Mike Sandler at the Huffington Post - The Trillion-dollar Coin's Week of Fame

Quote:
Is the coin forever vanquished? Don't be so sure.

The trillion-dollar coin is a powerful meme because it is grounded in an understanding of how the monetary system actually works. Even coin detractors were often forced to recognize the validity of the coin's premise, if not its broader promise. So watch out: As the Vatican learned with Galileo, the truth has a way of resurfacing. Be on the lookout for debt-free, interest-free money, coming soon to a country-needlessly-plunged-into-recession-by-austerity near you.


Links to Joe Firestone

Tom Hickey said...

Thanks, Clonal. Promoted.

Adam1 said...

@Tom, absolutely agree.

While there is nothing operationally wrong or limiting in the current process it leads the average person to think just the opposite. It needs to end to end the perception. A year ago I would have just said educate everyone. Today I think bond sales need to end.

Ellen said...

For the record, I'm not opposed to banks creating money as credit and lending it into the economy. That's how individuals who don't have the sovereign right to issue money, and don't have wealthy parents, have to start out in life. I tried to be clear that by "debt-free" I meant debt-free to the government. There is no need for governments to borrow when they can issue.

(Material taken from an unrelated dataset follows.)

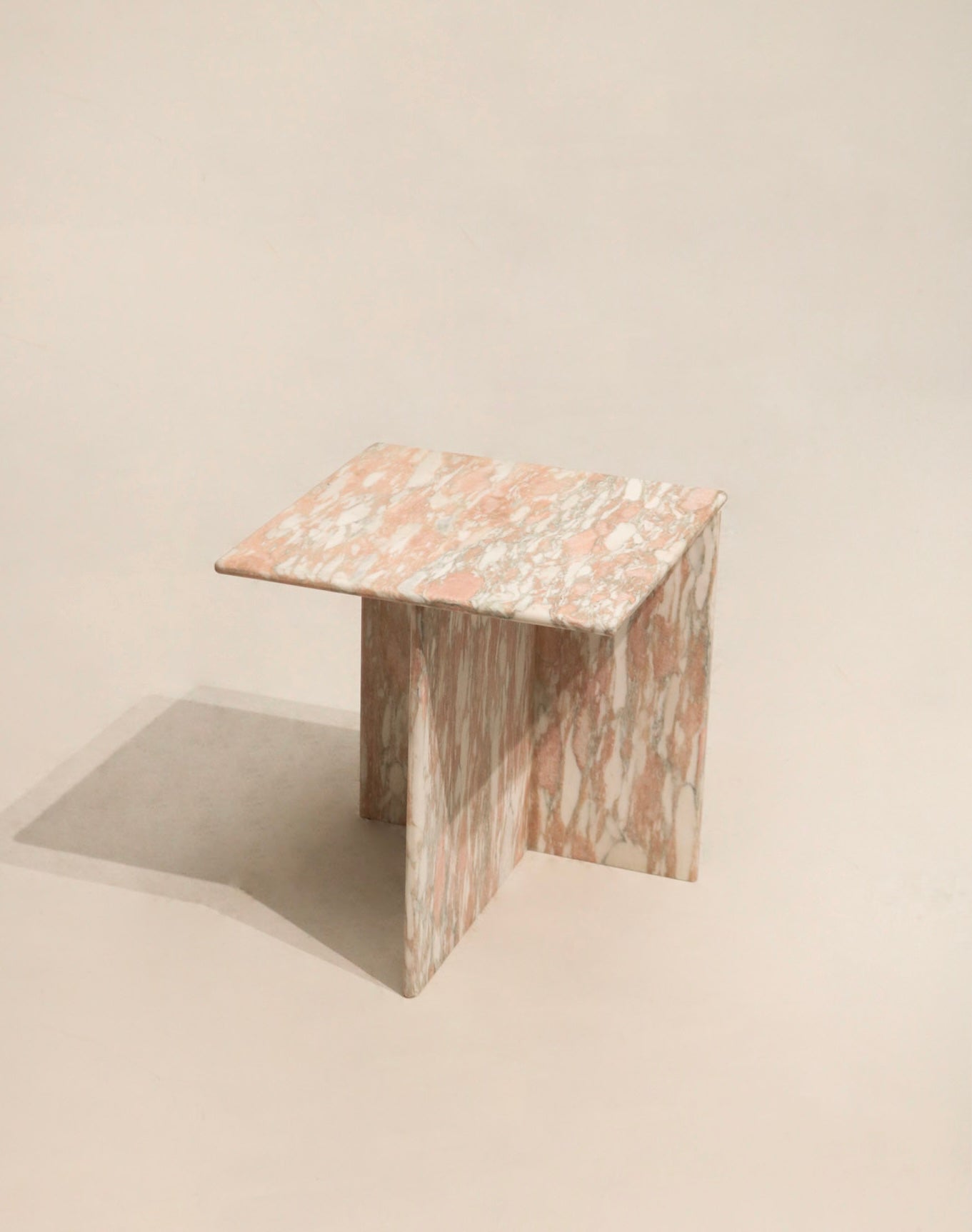 Main view of contemporary natural pink solid marble side end table, polished surface and visible pink veining, 20 x 20 x 22.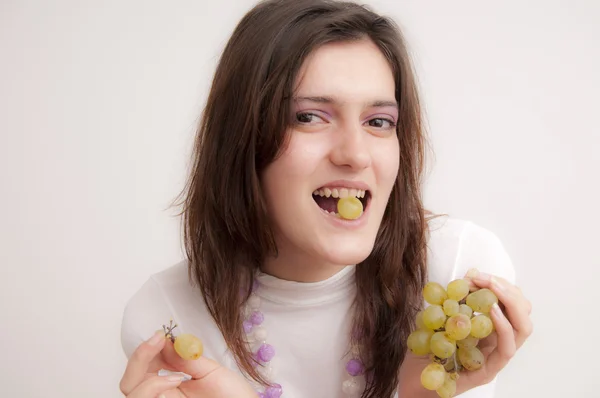 Jeune femme mangeant des raisins — Photo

I agree, it's a question of perception: everyone is terrified of imposing a massive "public debt" on our grandchildren. It's not just a matter of semantics; it actually changes our lifestyles and well-being. Fear of the growing public debt is used to justify cutting back on all sorts of necessary services, and for failing to pursue opportunities we could pursue if we were confident the money was there.

Tom Hickey said...

Thanks for coming by and clarifying that, Ellen. That's what I had assumed.